* **Work required**
From the line with "Fauteuil d'extérieur en" down to the final line of the material, please transcribe everything exactly, but leave the pictures out.

--- Data extract ---

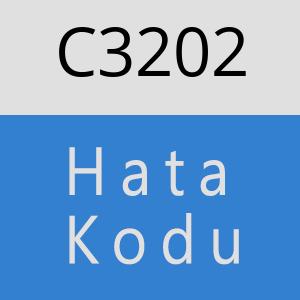 C3202 hatasi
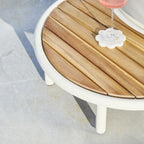 Fauteuil d'extérieur en aluminium courbé Naturel
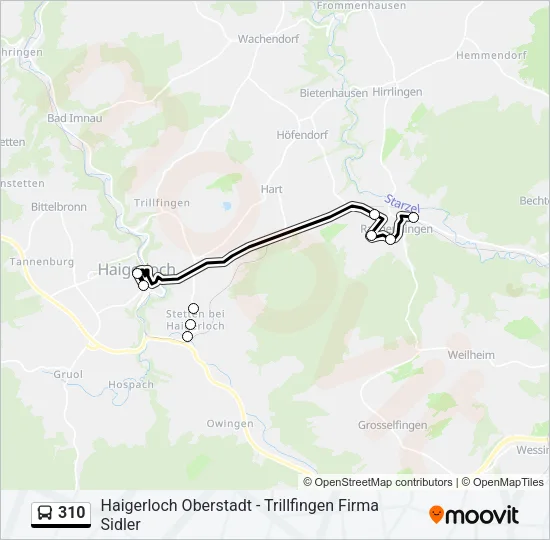 310 Bus Line Map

---

* **Exercise response**
 Fauteuil d'extérieur en aluminium courbé Naturel
 310 Bus Line Map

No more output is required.